Posted on behalf of Adib Mehrabi, PhD researcher at Queen Mary University of London, who conducted this work during his industrial placement.

When a podcast is made from a broadcast radio show, licensing restrictions state that only 30 seconds of each song can be used if it is made available for download. This means that often music is left out of the podcasts. When the music is included an editor or producer needs to manually edit each song, taking up valuable production time. To help solve this problem we investigated how music can be automatically edited to create a 30 second 'snippet' of the original song using a number of different approaches.

Examples of three different approaches used to automatically create a 30 second version of a song. Left: Intro and Outro, Middle: Intro, Chorus and Outro, Right: Many 1 bar sections.

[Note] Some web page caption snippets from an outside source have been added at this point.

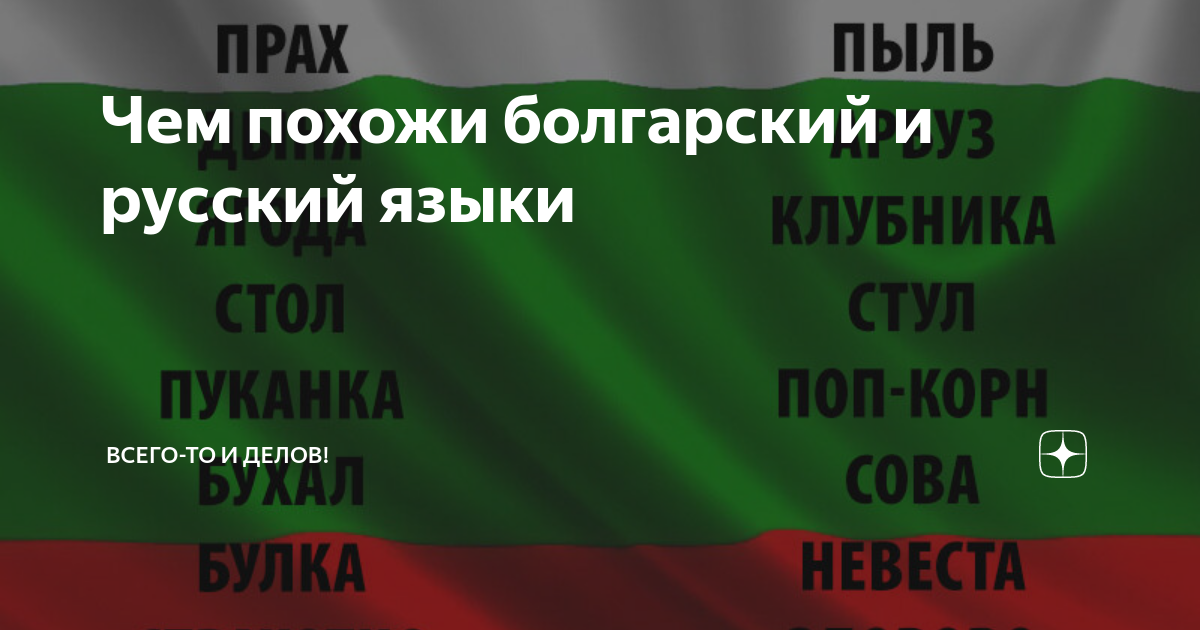 Болгарский язык. Болгарский и русский языки. Болгарский язык похож на русский. Смешной болгарский язык.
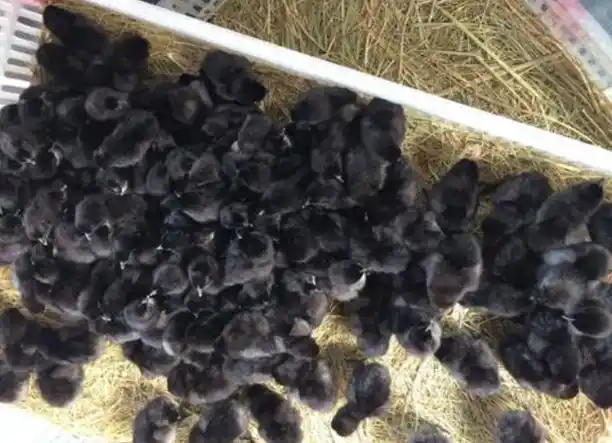 黑鸡苗怎么养殖?饲养与管理方法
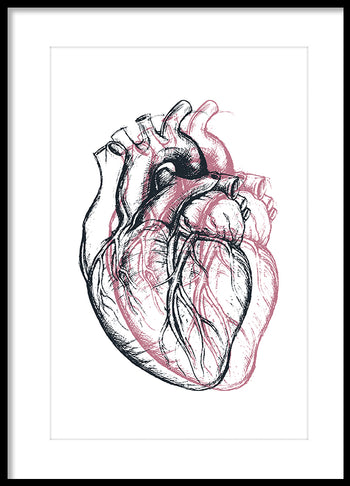 Poster - Heart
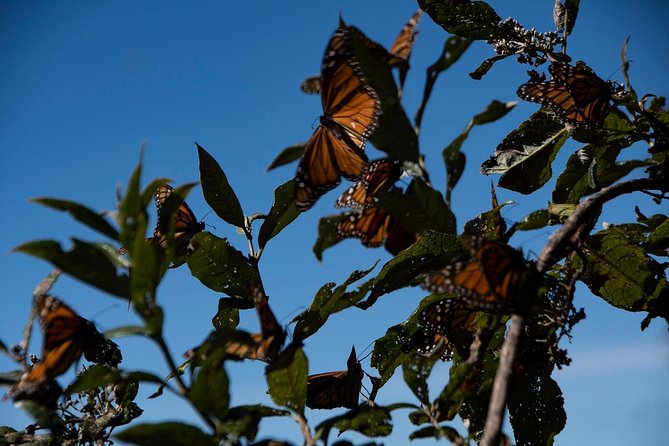 Monarch Butterfly Tour (Departing from Morelia) - Guided Walks and the Personal Touch from Rodrigo
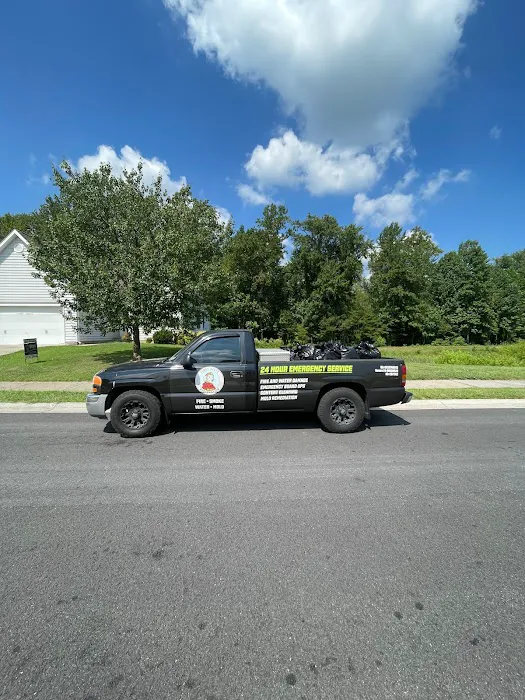 First State Picture 8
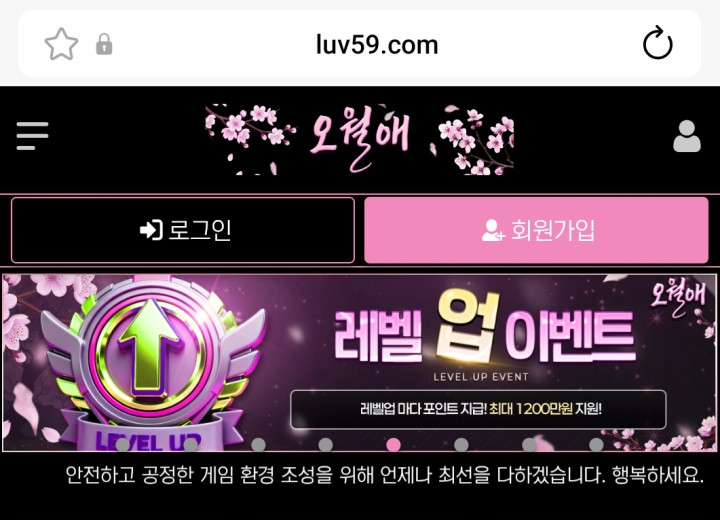 오월애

The research was designed to answer two questions:

  1. What parts of a song do people want to hear in a 30 second clip?
  2. Can an algorithm automatically create a 30 second version of a song as well as a human?  

We conducted an online listening test where participants were asked to compare 30 second song clips made using a range of manual and automatic editing methods. The editing methods differed mainly in the parts of the song they included, and whether the edits were made in 'musical' places such as on bars or beats.

As part of the study, participants were asked to listen to different clips of the same song and give a 1-5 rating for the editing quality of 1) The transitions, 2) The selection of song parts and 3) Overall quality. They were also asked to select the clip most suitable for use in a podcast and most representative of the song. 120 participants completed the study over a week.

The results showed that there was a significant preference for particular editing methods. Clips that included lots of small sections of the song, and those that did not consider the musical content such as bar and beat positions were rated significantly lower than the others. Of the higher rated clips there were no significant differences. These included the clips with just intro and outro sections and those containing the chorus, both manually and automatically created.

From these results we cannot identify whether people prefer to hear the chorus or not in a 30 second snippet of a song, but we can conclude that the automatic editing methods performed at least as well as the manual methods. This is an encouraging result, and we are currently working to develop this technology and integrate it into the podcast publication system.